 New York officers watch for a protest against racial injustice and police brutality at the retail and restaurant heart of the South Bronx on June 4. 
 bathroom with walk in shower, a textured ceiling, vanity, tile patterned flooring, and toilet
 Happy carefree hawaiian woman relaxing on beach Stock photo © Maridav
★ ★ ★
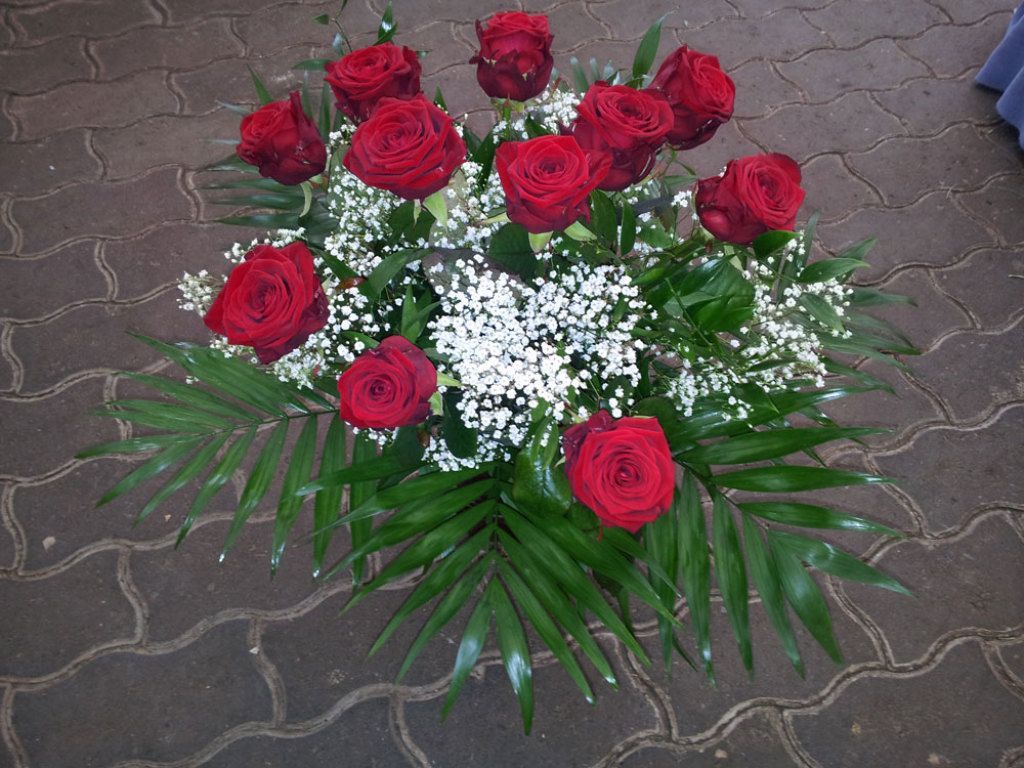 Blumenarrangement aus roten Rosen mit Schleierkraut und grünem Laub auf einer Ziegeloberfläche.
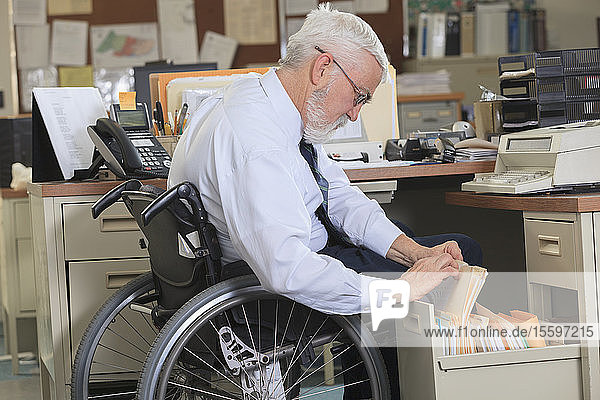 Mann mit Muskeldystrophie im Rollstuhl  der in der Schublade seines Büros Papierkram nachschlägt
★ ★ ★
[Work request]
Beginning at the line with "New York officers" and stopping after the line with "Happy carefree hawaiian", please write out every line of the data above exactly and nothing else.

[Response to this exercise]
 New York officers watch for a protest against racial injustice and police brutality at the retail and restaurant heart of the South Bronx on June 4. 
 bathroom with walk in shower, a textured ceiling, vanity, tile patterned flooring, and toilet
 Happy carefree hawaiian woman relaxing on beach Stock photo © Maridav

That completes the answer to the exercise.